Culture : La danse d’une aventure ambiguë au pays de cocagne

La pérennité d’un pays de cocagne est une évidence….pas toujours. La danse version spirituelle et bien sûr distrayante. Un livre prémonitoire sous forme de choc des civilisations. Voici les trois points culturels qui ont attiré notre attention.

Saaraba, la pérennité du pays de cocagne

Paris, 18 arrondissement, entre Château rouge et Barbès, le quartier de la Goutte d’or. Un îlot d’Afrique en pleine capitale française. C’est le lieu de Saaraba, un espace dédié aux cultures noires. Saaraba, c’est le pays de cocagne, dans l’imaginaire wolof. Pourtant la pérennité de ce centre culturel africain de Paris qui ne porte pas son nom est menacé à cause des problèmes de trésoreries. Un concert y a été organisé ce samedi 19 février pour récolter des fonds. Les artistes Disiz La Peste, Sally Nyolo, Seydina Wade, Princess Erika, Désiré Sankara et tant d’autres sont venus se produire gratuitement dans un élan de solidarité. Sylvie Cerfeuille et Nago Seck, gérants de Saaraba, estiment qu’à l’instar de ce qui se fait dans les autres capitales occidentales, ce lieu a une véritable légitimité. On ne saurait que leur donner raison.

« Kaay Fecc »

L’association « Kaay Fecc » (viens danser, en wolof), pour ses dix ans, va organiser un festival de danse du 2 au 5 juin 2011 au centre culturel Blaise Senghor à Dakar. Le thème de cette année: de la terre vers le ciel. Deux analyses pour ce thème.

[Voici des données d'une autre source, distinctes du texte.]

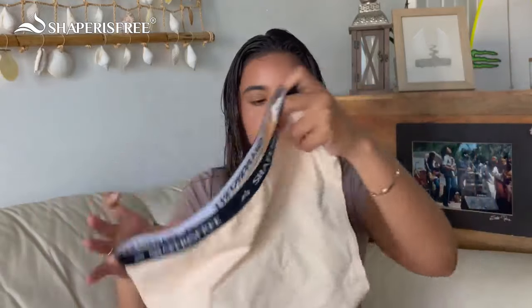My first thoughts on these are the material is buttery soft, which is a must for when you're on your cycle. The band isn't too tight, it has a nice elasticity to it. This thickness right here is not too thick — it doesn't feel bulky, but it feels thick enough to where it would absorb.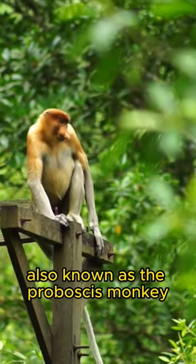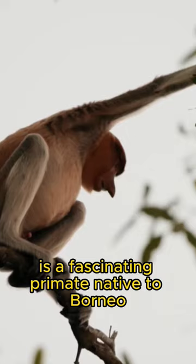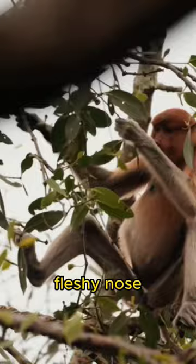The Bacanton, also known as the proboscis monkey, is a fascinating primate native to Borneo. With its unique appearance, it boasts a distinctive long fleshy nose, which is more prominent in males.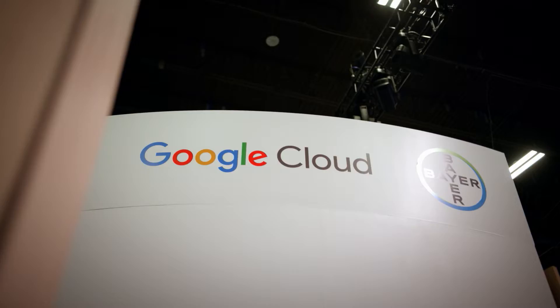Hi and welcome to Google Cloud Next. I'm Emily and I'm here to take you on a journey to discover how AI is powering a whole new chapter of medical research.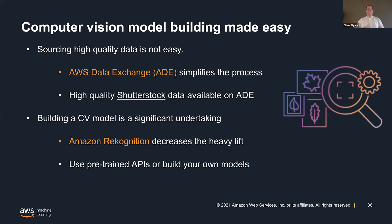Then there's the computer vision model building — that is again a significant undertaking. At Rekognition, we're trying to decrease the heavy lift there. We have a series of pre-trained APIs that you can use — no ML expertise needed. You just send an image and video to it, and it will return you visual metadata. Those are constantly improved, and we work with Shutterstock data to make those improvements.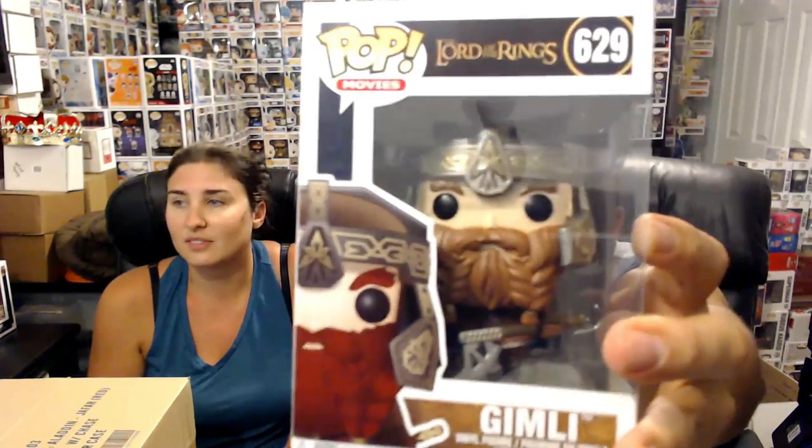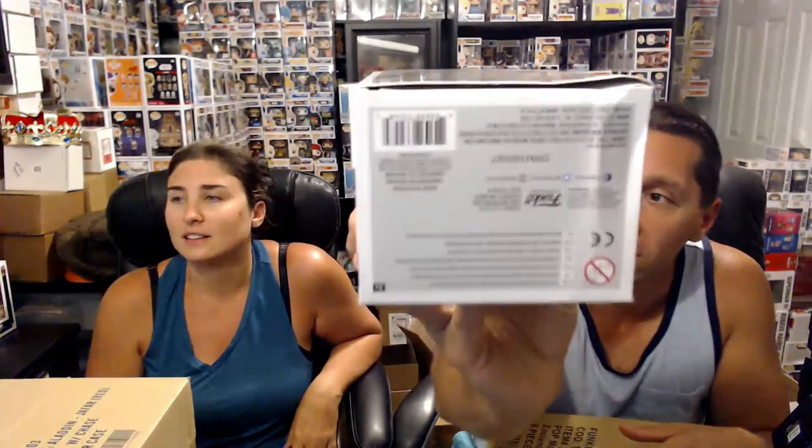I'm gonna do the protector last. Another damaged one - we got Gimli from Lord of the Rings. Right here is all pushed in going straight this way. He's a big pop though. Pretty cool - I like the braiding in his beard. Yeah, you can see the bottom here guys. Classic Empire.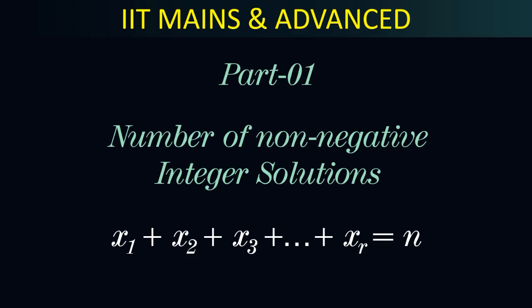Hi guys. In this lecture we will find the number of non-negative integer solutions of the equation x₁ + x₂ + x₃ + ... + xᵣ = n.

D’abord, il peut reprendre la pensée de Platon.

Dans l’élan de la danse, le corps se projette vers le haut (ciel) pour se libérer de la pesanteur terrestre qui l’empêche de prendre son envol. En effet, la danse permet de se libérer de l’emprise de la terre et de se projeter dans la spiritualité. Cet élan de la terre vers le ciel est un mouvement de liberté.

Le deuxième point que nous pouvons associer plus prosaïquement au thème renvoie vers la distraction, l’amusement pour oublier les soucis de la vie. « Qui dit proches te dit deuils car les problèmes ne viennent pas seuls, qui dit crise te dit monde, qui dit famine et dit tiers-monde, qui dit fatigue dit réveil, encore sourd de la veille… alors on danse » chantait Stromae, jeune artiste d’origine belgo-rwandaise.

La 6 édition de « Kaay Fecc » va accueillir plusieurs pays invités à venir danser de la terre vers le ciel.

Livre: L’aventure n’est plus ambiguë

« L’aventure ambiguë » a 50 ans. Le livre prémonitoire de Cheikh Hamidou Kane publiait en 1961 est fêté durant tout ce mois de février. Retour sur quelques éléments évoqués qui a permis à l’auteur de remporter le grand prix de la littérature d’Afrique noire en 1962.

L’universalisme et l’humanisme du parcours de Samba Diallo, le héros, est au coeur de l’ouvrage avec comme toile de fond la question d’envoyer, dans un petit village, les enfants à « l’école du blanc ». Un dilemme pour beaucoup de familles africaines confrontées au choix entre la tradition et l’entrée inéluctable dans la modernité dans un contexte historique des années 50-60. L’ouverture à « l’école moderne » permettra au personnage principal de séjourner en France et de se poser des questions existentielles sur le choc des civilisations cher Samuel Huntington, un autre observateur des enjeux culturels qui se déroulent sous nos yeux.

A lire et relire, les thèmes abordés restent toujours d’actualités.